Diyarbakır İnfaz Hakimliği’nin kararı üzerine Adli Sicil Kanunu’nun 13. Maddesi’nde tanımlanan cezanın ‘infaz tarihinden’ itibaren 3 yıl geçtiği için Diyarbakır 5. Ağır Ceza Mahkemesi’ne yasaklanan haklarının iadesi için başvuran Zeydan’a mahkemei 4 Nisan 2023 tarihi ile yasal koşulları oluşan yasaklanmış hakların iadesine karar verdi ve bu karar 25 Nisan 2023 tarihinde kesinleşti.
Devleti ve iktidarı iyi tanıyan Zeydan işi sağlama almak için ne olur ne olmaz diye Ağustos 2023 ve Eylül 2023 tarihlerinde tekrar ‘seçme-seçilme hakları dahil’ yasaklanan hakların iadesi için başvuruda bulunmuş. Mahkeme her iki durumda da 4 Nisan 2023 tarihli karara atıfta bulunarak yasaklanan bütün haklarının iadesine karar verildiği için yeni karar verilmesine yer olmadığı kararını verdi.

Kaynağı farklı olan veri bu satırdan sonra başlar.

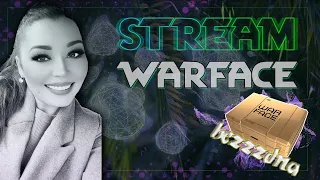 |  WARFACE STREAM  | ЭЛИКСИРЫ И КРЕДИТЫ НА ТРОВО  | КЕЙСЫ КОД - BEZZZDNA |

Yani Adalet Bakanlığı ve Diyarbakır Cumhuriyet Başsavcılığı’nın “karardan haberimiz yoktu, o nedenle temyiz edemedik” gerekçesi koca bir yalandan öte değildir. Çünkü Zeydan defalarca mahkemeye başvuruda bulunmuş, her başvuru için de savcılıktan mütalaa alınmış ve kararlardan sonra da savcılığa ‘görüldü’ yapılarak bu karar bir nevi onaylanmıştır.
İşi sağlama alan Zeydan, Aralık 2023’te DEM Parti’den Van Büyükşehir Belediye Eş Başkanlığı’na aday adaylığını ilan etmiş, ön seçimler için çalışmalarını yürütmüş ve Ocak 2024 tarihinde ön seçimlerden başarı ile çıkarak DEM Parti’nin Van Büyükşehir Belediye Eş Başkan adayı olarak belirlenmiş ve adaylığı İl Seçim Kurulu’na bildirilmiştir. Seçim Kurulu’nun gerekli incelemelerinden sonra Zeydan’ın adaylığı resmi olarak kabul etmiştir. Zeydan ve partisi Şubat ve Mart ayı boyunca seçim çalışmalarını yürütmüştür.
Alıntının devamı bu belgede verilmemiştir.